Speaking for Ourselves

Migrant poets shortlisted for prize

Migrant poets shortlisted for prize

Kianna Bowers

 Migrant Voice -
 Migrant Voice - Migrant poets shortlisted for prize

On Monday the 13th of June, writer Malika Booker announced the shortlist for the £15,000 Forward Prize for best poetry collection. Amongst those shortlisted were Kurdish writer Choman Hardi and Trinidadian writer Vahni Capildeo.

In 1993, Hardi arrived in the UK seeking asylum. Now, Hardi uses her poetry to discuss survivors of genocide, drawing from her post-doctoral research in the area. Her work centers around the stories of survivors of the Anfal campaign in the 1980’s. “You do not die! Not when you want to,” she writes in her poem Dibs Camp, the Women’s Prison. “Not when your son withers in your lap / and he cries until he can no more, when the last thing / he asks of you is ‘cucumber’, and you give him / a green slipper to suckle on, because he is beyond // knowing the difference.”

Capildeo, author of Measures of Expatriation, has been in the UK since 1991. Her original style mixes prose and poetry to examine the alienation of the expatriate. Booker said Capildeo’s work is, “… definitely pushing boundaries…. It’s very dynamic.”

This year’s entries included many pieces on language and place. Booker said, On our shortlists you’ve got Greenlandic, Caribbean creole, Scots, Kurdish, in terms of the languages and the landscapes that people are pulling from. They’re also a showcase in the English language, and how it stretches and pulls in from other languages.”

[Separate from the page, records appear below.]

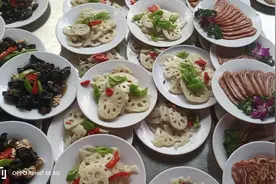 邻居娶媳妇了！视频封面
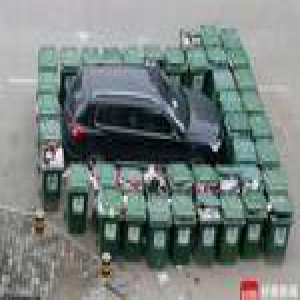 车主乱停车 环卫大爷摆“垃圾桶阵”围堵(图)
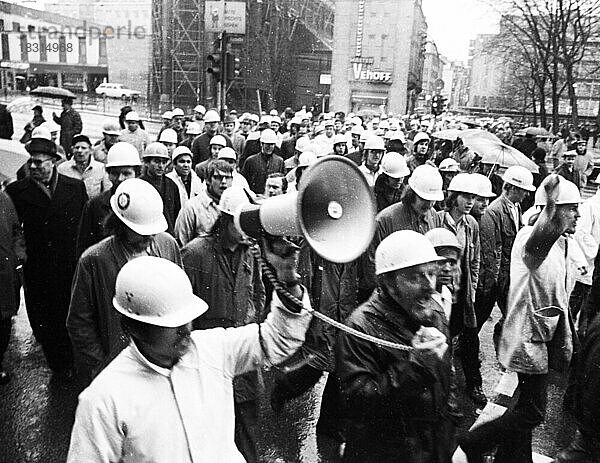 Mit einem spontanen Streik und einer Demonstration wehrten sich mehrere tausend Stahlwerker der Hoesch AG Westfalenhuette am 8. 2. 1973 mit der Forderung nach einem Preisausgleich von 14 Pfennig pro Stunde gegen die Inflation  Deutschland  Europa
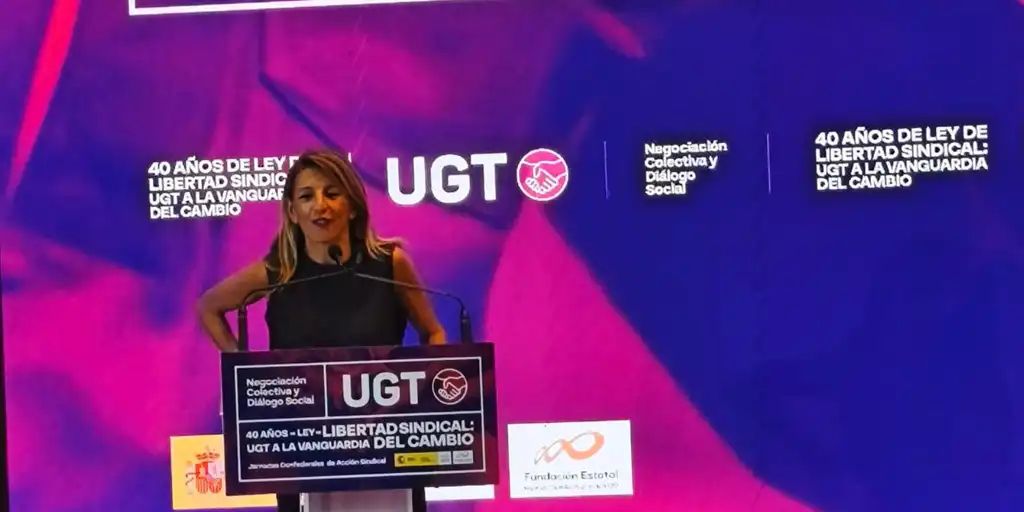 La ministra de Trabajo pide a la CEOE que vuelva al diálogo social en un encuentro de UGT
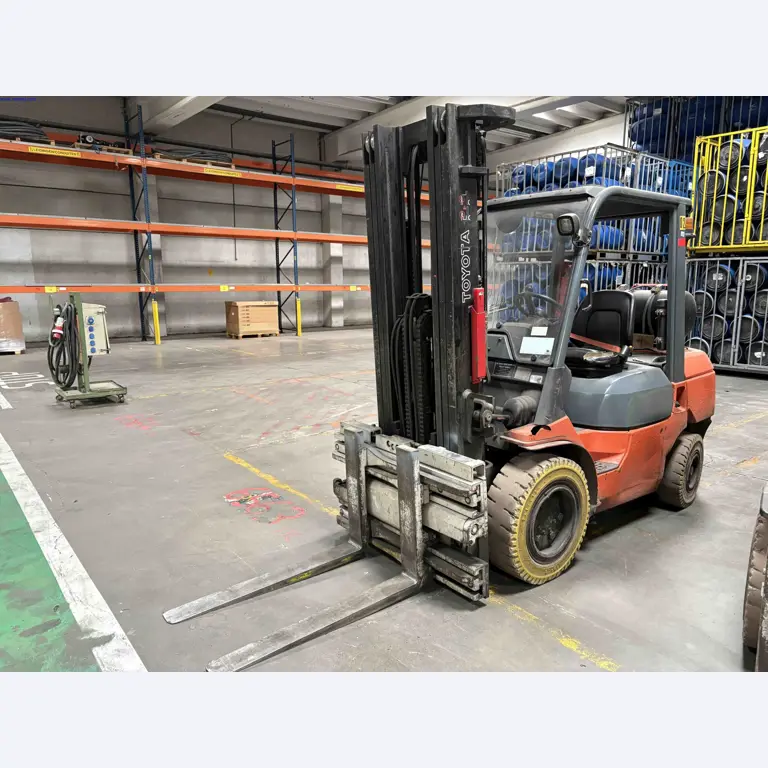Uzavření závodu společnosti Balta Industries (Belgie) – výrobní závody výrobce koberců-2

William Sieghart, founder of the Forward prizes said, “maybe poetry is claiming its place as the genre of the age of migration: when your arms can’t carry anything, you can still carry a poem in your head.”

The judges said the shortlist marks “a breaking down of barriers” in poetry. Capildeo and Hardi’s works are no exception to this poetic “resurgence.”